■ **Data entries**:

────────────────────

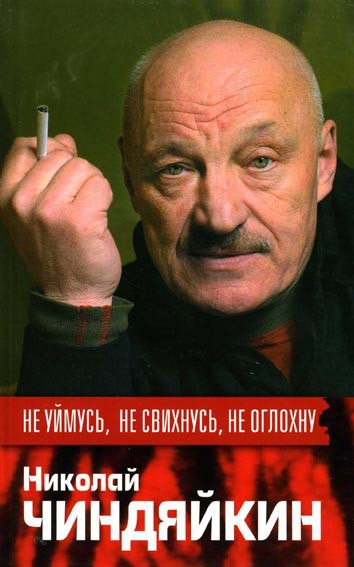 

Не уймусь, не свихнусь, не оглохну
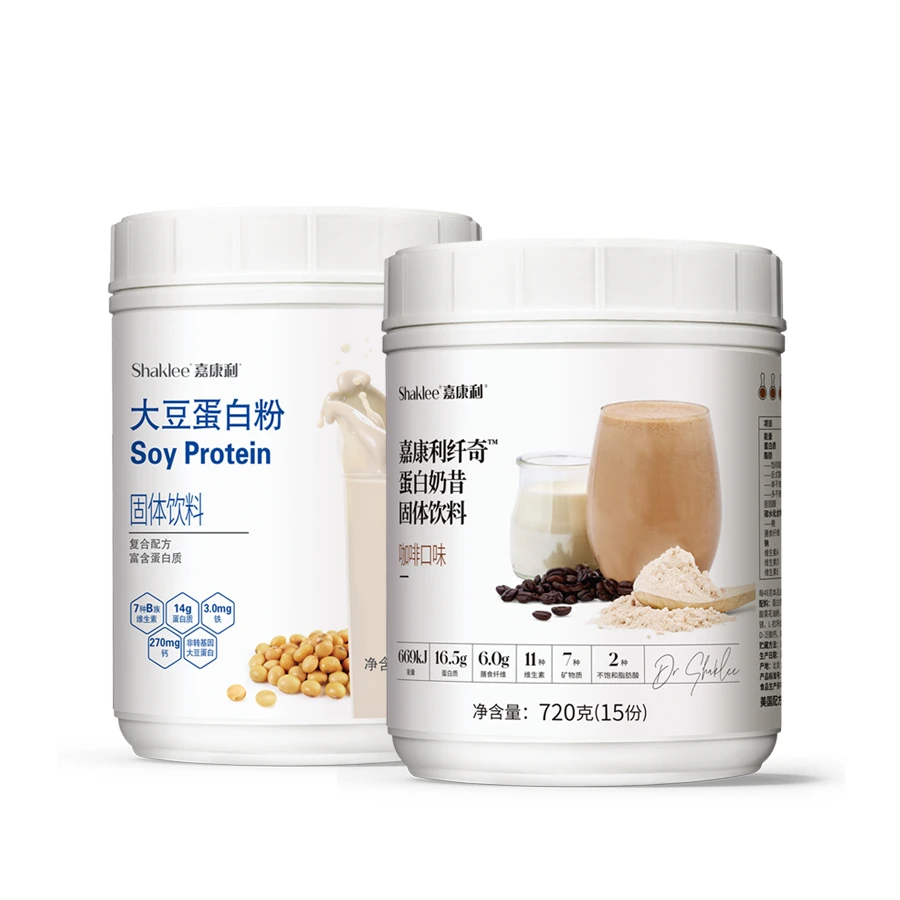 嘉康利蛋白粉+纤奇奶昔组合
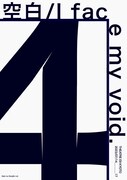 餓鬼の断食vol.4「空白 / I face my void.」チラシ表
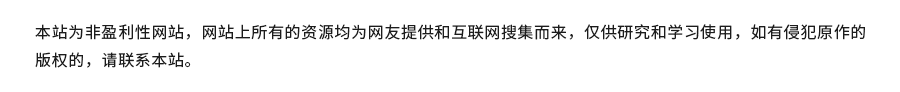免责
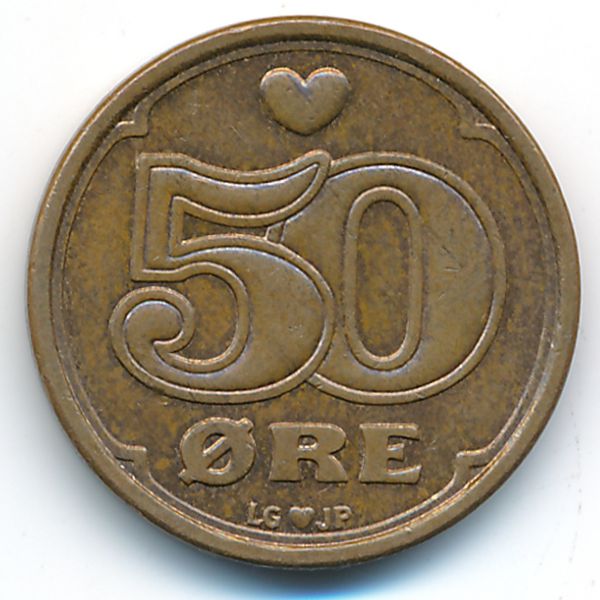 Дания, 50 эре (1990 г.)
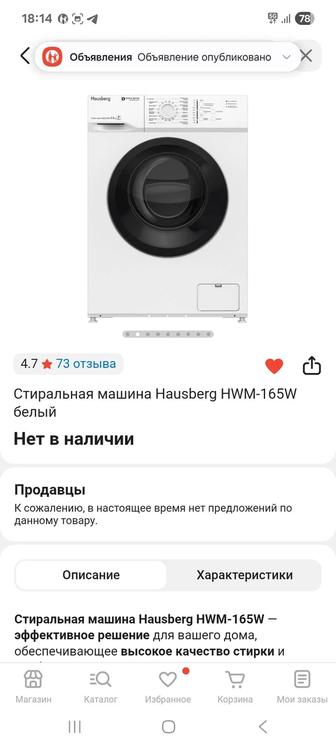 Стиральная машина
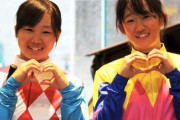 【朗報】地方競馬で新たに2人の美少女騎手がデビュー！
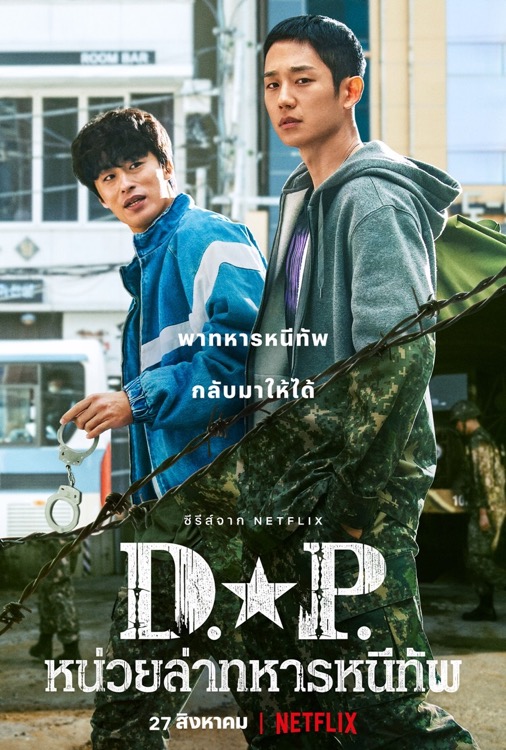 หน่วยล่าทหารหนีทัพ ซับไทย | ตอนที่ 1-6 (จบ)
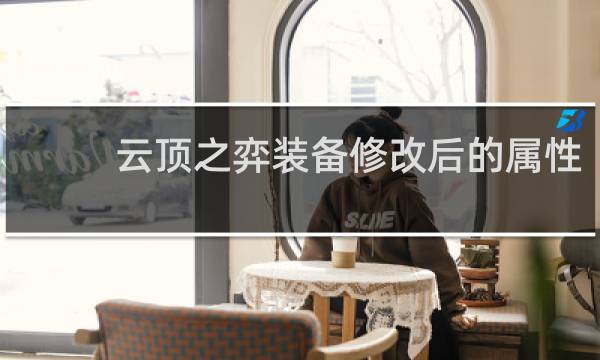 云顶之弈装备修改后的属性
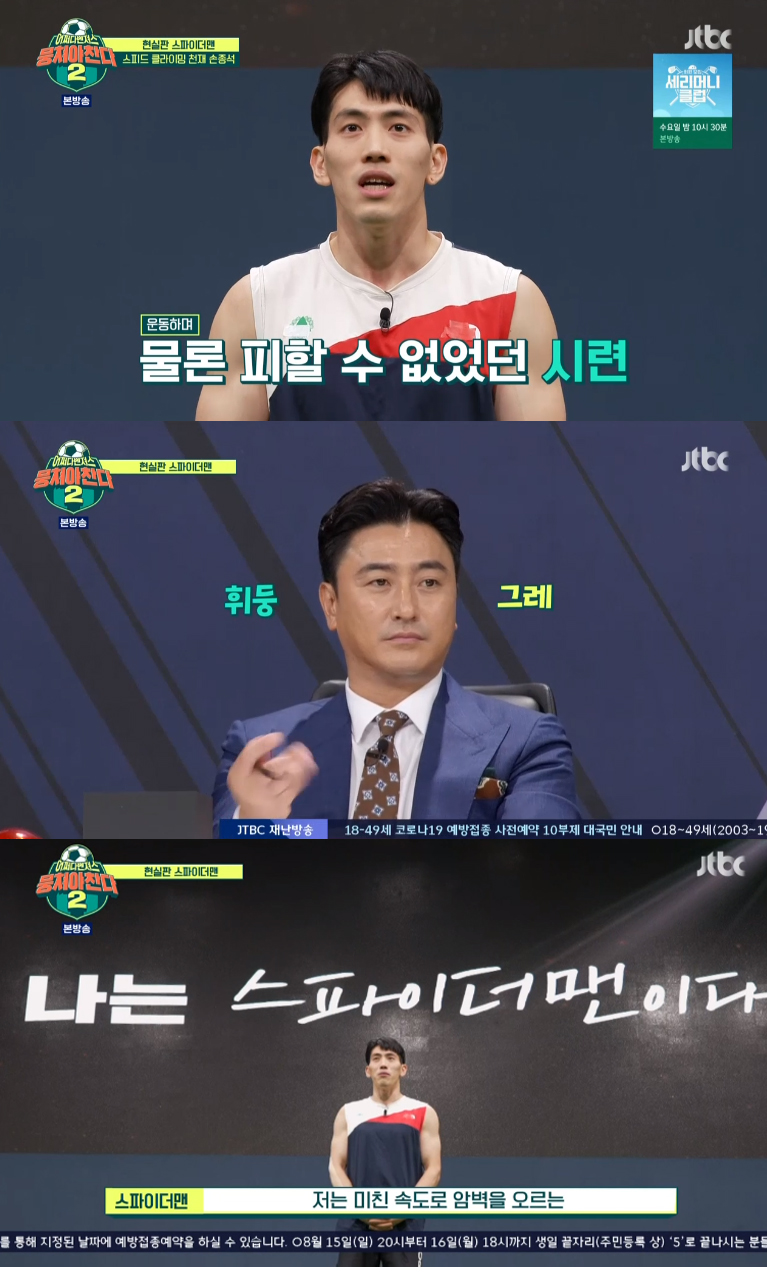 스피드 기획 이미지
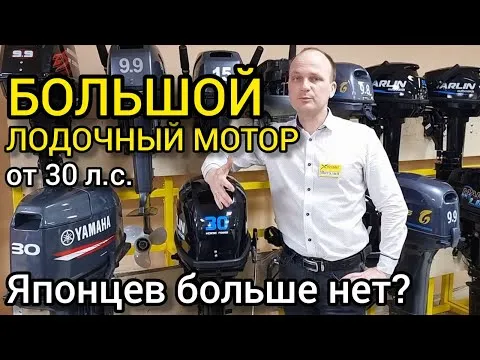 Ситуация на рынке с БОЛЬШИМИ лодочными моторами 30, 40, 60 л.с. и выше! Мотор для катера в 2022г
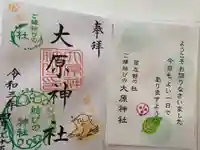 大宮・大原神社の授与品その他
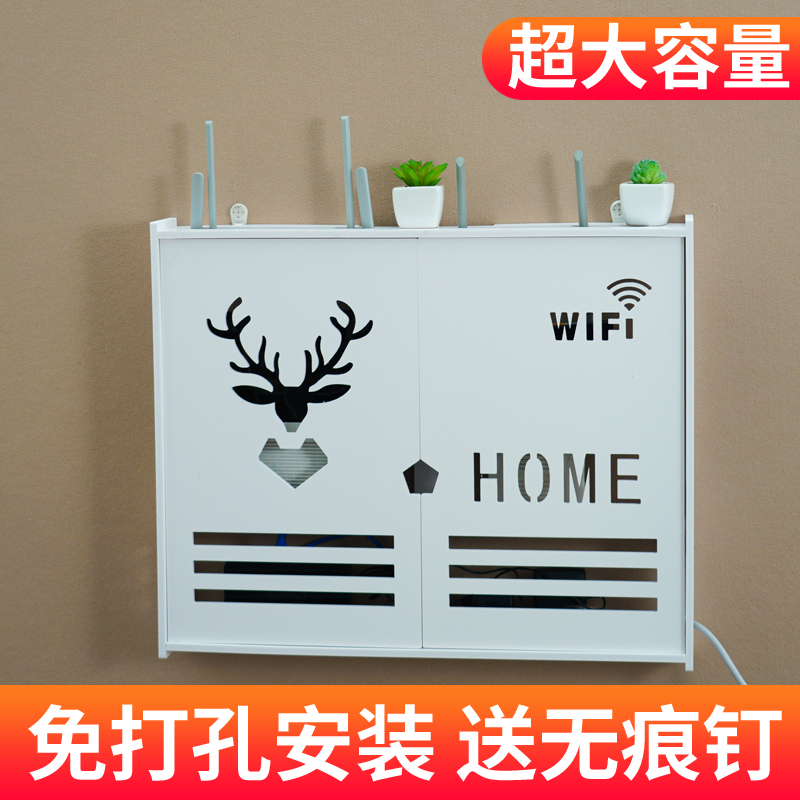 免打孔wifi光猫装饰盒无线路由器收纳盒多媒体遮挡箱多功能收纳盒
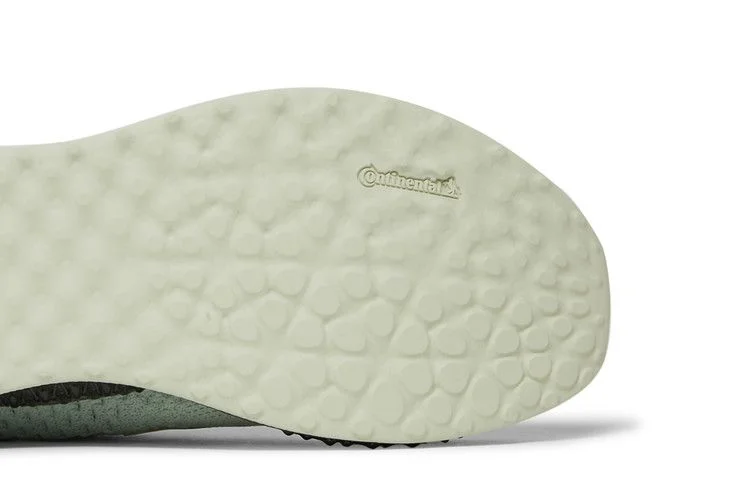 Кроссовки adidas Futurecraft 4D 'Linen Green Carbon'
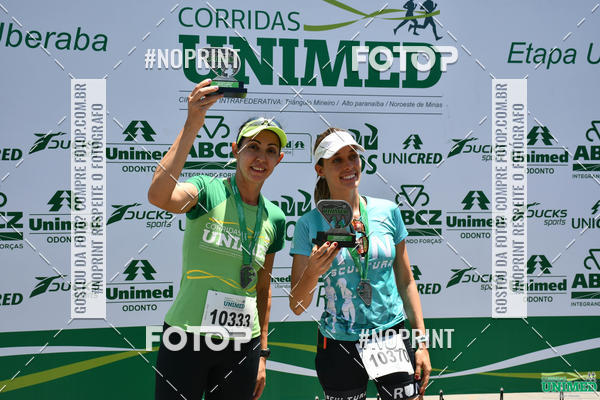Achetez vos photos de l'vnementCORRIDAS UNIMED - ETAPA UBERABA  sur Fotop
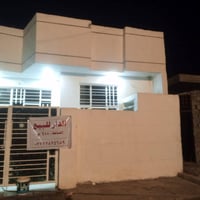 بيت للبيع • نزلة السكلة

────────────────────

■ **Problem**: Whenever a line holds a picture, print that line without the picture. All other data must be output exactly.

■ **Answer to this task**:
Не уймусь, не свихнусь, не оглохну
 嘉康利蛋白粉+纤奇奶昔组合
 餓鬼の断食vol.4「空白 / I face my void.」チラシ表
免责
 Дания, 50 эре (1990 г.)
 Стиральная машина
 【朗報】地方競馬で新たに2人の美少女騎手がデビュー！
 หน่วยล่าทหารหนีทัพ ซับไทย | ตอนที่ 1-6 (จบ)
 云顶之弈装备修改后的属性
 스피드 기획 이미지
 Ситуация на рынке с БОЛЬШИМИ лодочными моторами 30, 40, 60 л.с. и выше! Мотор для катера в 2022г
 大宮・大原神社の授与品その他
 免打孔wifi光猫装饰盒无线路由器收纳盒多媒体遮挡箱多功能收纳盒
 Кроссовки adidas Futurecraft 4D 'Linen Green Carbon'
Achetez vos photos de l'vnementCORRIDAS UNIMED - ETAPA UBERABA  sur Fotop
 بيت للبيع • نزلة السكلة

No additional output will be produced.